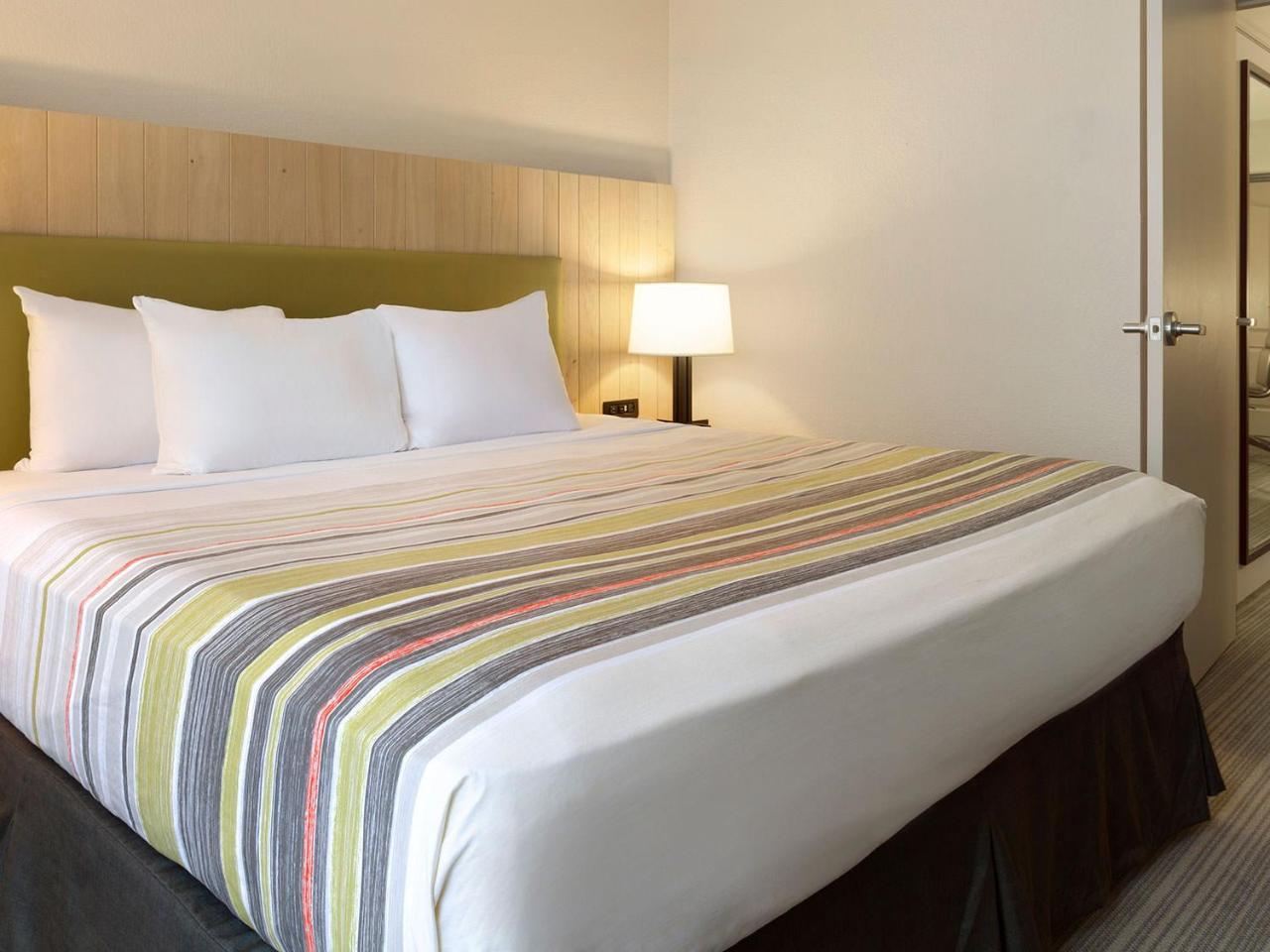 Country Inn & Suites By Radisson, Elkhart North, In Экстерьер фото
##########
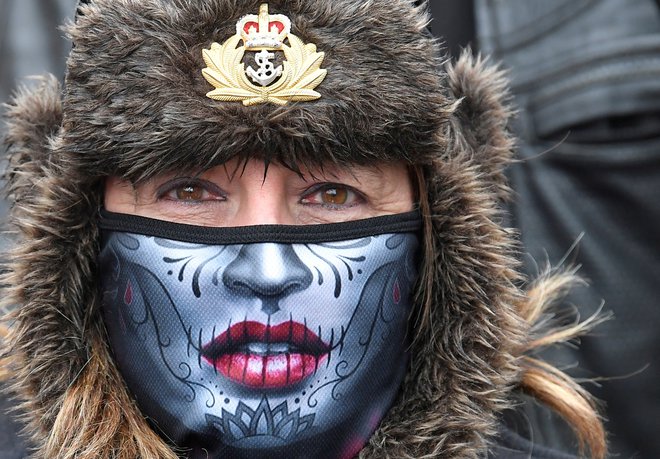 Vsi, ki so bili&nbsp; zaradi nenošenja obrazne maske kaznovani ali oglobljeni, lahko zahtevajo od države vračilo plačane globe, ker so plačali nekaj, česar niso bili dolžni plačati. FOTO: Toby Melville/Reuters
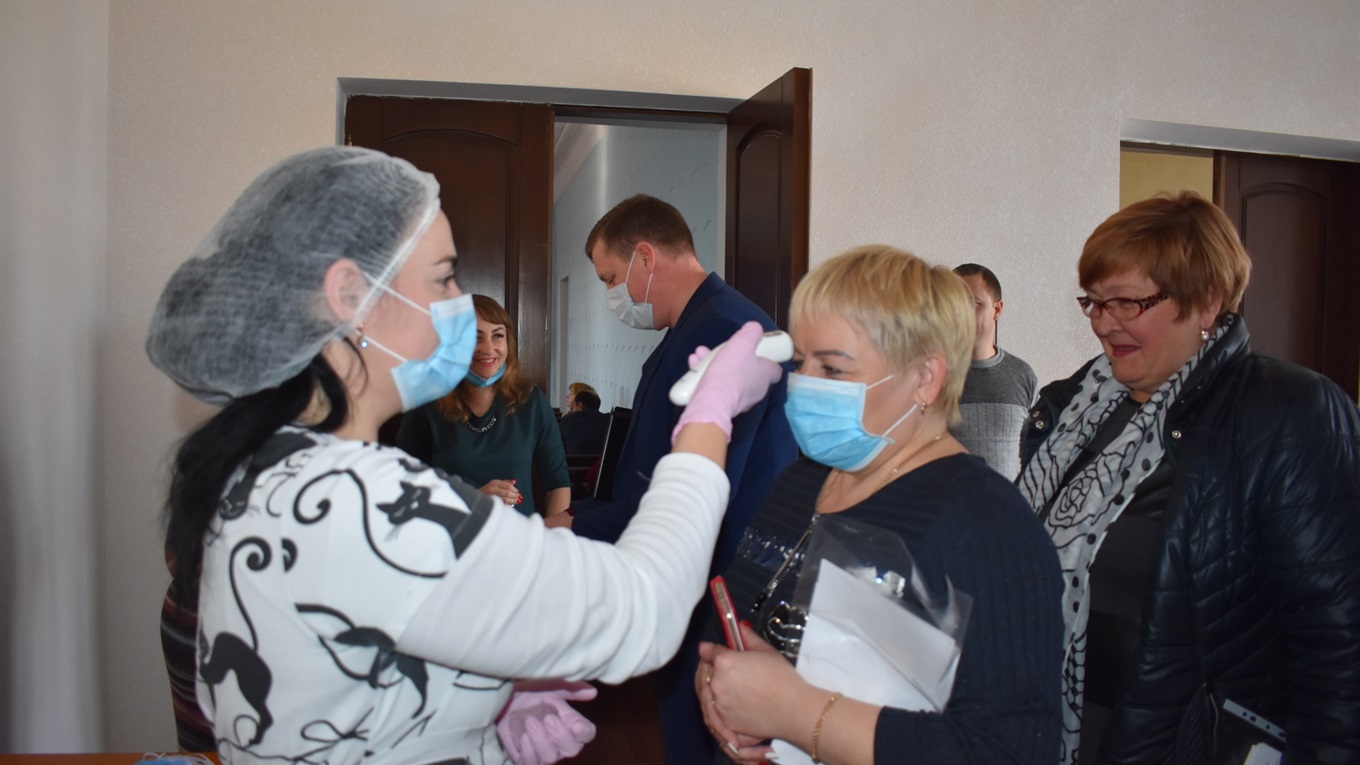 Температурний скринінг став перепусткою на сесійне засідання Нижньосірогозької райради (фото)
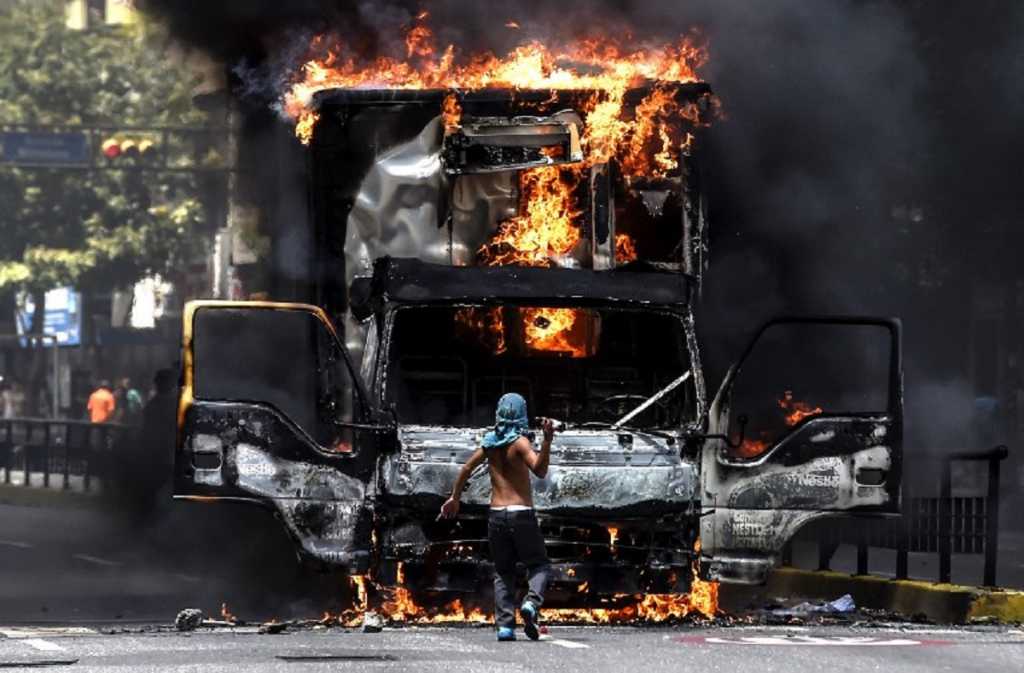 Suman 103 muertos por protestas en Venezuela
##########
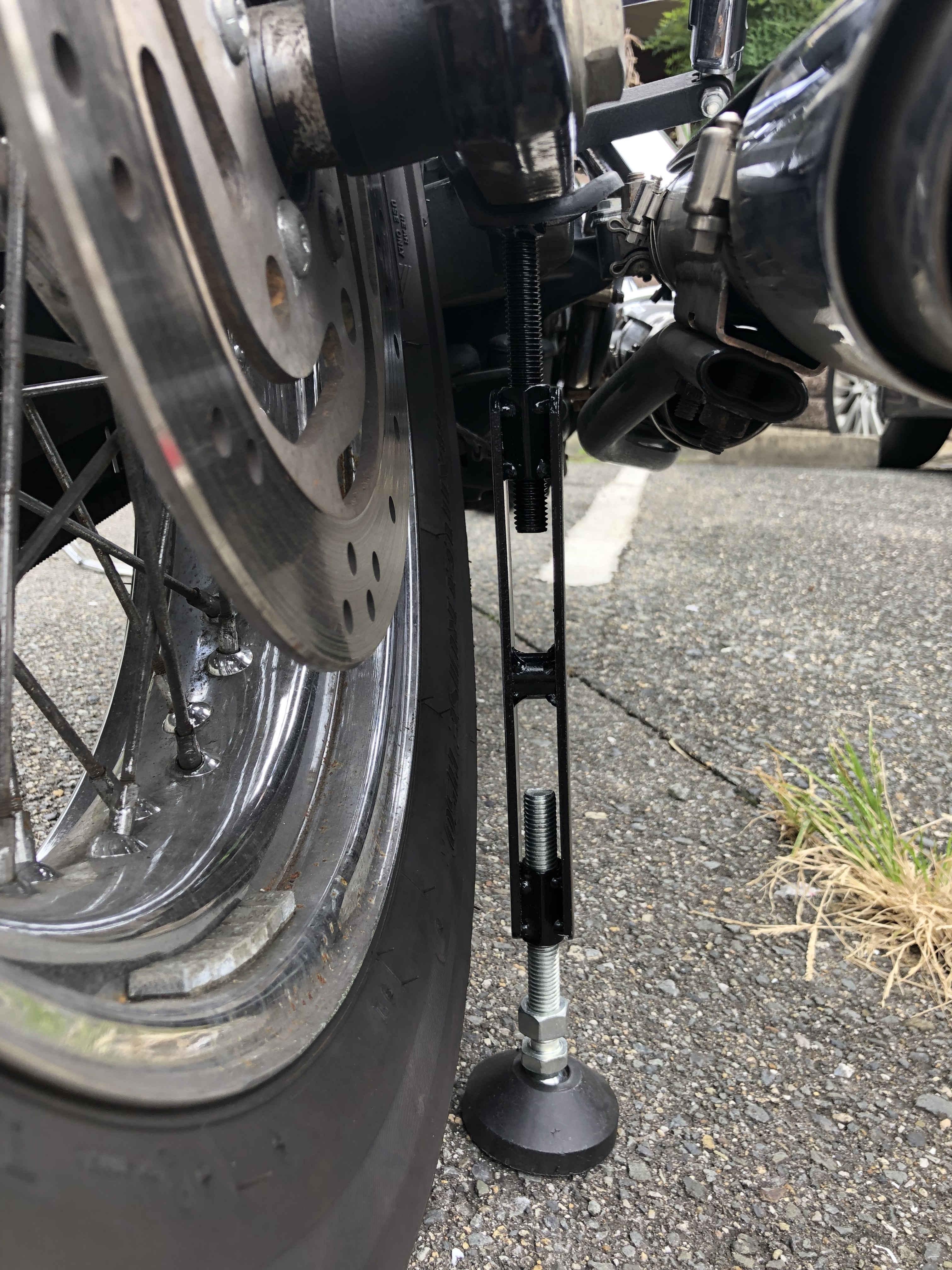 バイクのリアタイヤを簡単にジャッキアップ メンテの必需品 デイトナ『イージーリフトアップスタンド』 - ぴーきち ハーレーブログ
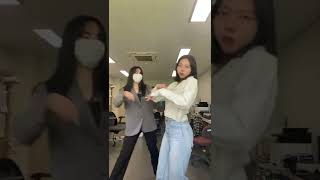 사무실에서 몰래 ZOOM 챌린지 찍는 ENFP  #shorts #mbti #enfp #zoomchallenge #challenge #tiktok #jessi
##########
■ Work item
Look above for the line with "Температурний скринінг став"; quote it and every line after it, stopping after the line with "Suman 103 muertos por protestas en Venezuela", exactly, with nothing added and without pictures.

■ Written response
 Температурний скринінг став перепусткою на сесійне засідання Нижньосірогозької райради (фото)
 Suman 103 muertos por protestas en Venezuela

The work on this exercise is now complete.